Sea-Air Fishing Limited v Ministry of Fisheries HC Nelson CRI-2011-442-000014

Case

[2011] NZHC 1047

29 June 2011

No judgment structure available for this case.

IN THE HIGH COURT OF NEW ZEALAND NELSON REGISTRY

CRI-2011-442-000014

BETWEEN  SEA-AIR FISHING LIMITED Appellant

ANDMINISTRY OF FISHERIES Respondent

CRI-2011-442-000016

AND BETWEEN            BRYAN LYNDON MCMANAWAY Appellant

ANDMINISTRY OF FISHERIES Respondent

Hearing:         22 June 2011

Counsel:         T H A Spear for Appellants

S K O'Donoghue for Respondent

Judgment:      29 June 2011

In accordance with r 11.5 I direct the Registrar to endorse this judgment with the delivery time of 3.45pm on the 29th day of June 2011.
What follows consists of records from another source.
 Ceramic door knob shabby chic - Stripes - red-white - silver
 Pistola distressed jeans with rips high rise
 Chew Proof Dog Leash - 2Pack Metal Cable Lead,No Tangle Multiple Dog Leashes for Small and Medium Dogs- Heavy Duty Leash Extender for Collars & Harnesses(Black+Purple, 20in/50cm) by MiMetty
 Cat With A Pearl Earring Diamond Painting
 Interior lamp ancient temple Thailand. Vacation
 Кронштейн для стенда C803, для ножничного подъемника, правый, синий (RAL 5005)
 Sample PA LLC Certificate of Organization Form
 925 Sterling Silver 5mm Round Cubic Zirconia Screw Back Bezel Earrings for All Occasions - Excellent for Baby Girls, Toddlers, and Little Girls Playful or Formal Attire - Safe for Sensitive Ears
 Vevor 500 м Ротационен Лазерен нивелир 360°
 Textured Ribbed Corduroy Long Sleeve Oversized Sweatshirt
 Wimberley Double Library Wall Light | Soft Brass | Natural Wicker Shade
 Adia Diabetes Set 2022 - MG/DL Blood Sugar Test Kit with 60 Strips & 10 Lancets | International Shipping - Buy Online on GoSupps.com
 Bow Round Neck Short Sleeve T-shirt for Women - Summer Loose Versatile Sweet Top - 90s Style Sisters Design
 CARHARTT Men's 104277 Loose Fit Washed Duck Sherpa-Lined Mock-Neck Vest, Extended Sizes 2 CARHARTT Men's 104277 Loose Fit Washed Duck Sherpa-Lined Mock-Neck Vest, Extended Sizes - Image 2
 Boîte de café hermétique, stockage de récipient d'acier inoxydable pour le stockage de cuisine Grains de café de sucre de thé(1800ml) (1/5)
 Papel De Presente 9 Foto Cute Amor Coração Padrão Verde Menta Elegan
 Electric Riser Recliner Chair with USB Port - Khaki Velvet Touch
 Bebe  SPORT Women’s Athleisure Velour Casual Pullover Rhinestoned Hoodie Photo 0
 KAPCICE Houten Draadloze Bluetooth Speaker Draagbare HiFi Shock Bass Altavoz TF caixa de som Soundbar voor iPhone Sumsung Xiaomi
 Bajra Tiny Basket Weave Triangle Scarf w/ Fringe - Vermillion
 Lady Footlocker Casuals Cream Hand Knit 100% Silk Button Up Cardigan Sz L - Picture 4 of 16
RESERVED JUDGMENT OF GENDALL J

[1]      Bryan  McManaway  is  a  commercial  fisherman  operating  through  his company, Sea-Air Fishing Ltd.  They both appeal against sentences imposed when they were  charged  with  offences  under  the  Fisheries Act  1996  (the Act).    The company faced four charges of being a permit holder, and having a general approval granted under s 111 of the Act subject to a condition requiring it to make returns in respect of both commercial and recreational catch taken during the fishing trips.  It

was also charged under the Fisheries (Reporting) Regulations 2001 when it failed to

SEA-AIR FISHING LIMITED V MINISTRY OF FISHERIES HC NEL CRI-2011-442-000014 29 June 2011

complete a trawl catch effort return as required by the regulations.  Mr McManaway was charged with two offences, namely that being a person authorised by general approval to use his commercial vessel for recreational fishing during commercial trips, he failed to comply with a condition of that approval, namely limiting each fisher on that vessel to one day’s recreational entitlement because he possessed more than the daily bag limit of fish.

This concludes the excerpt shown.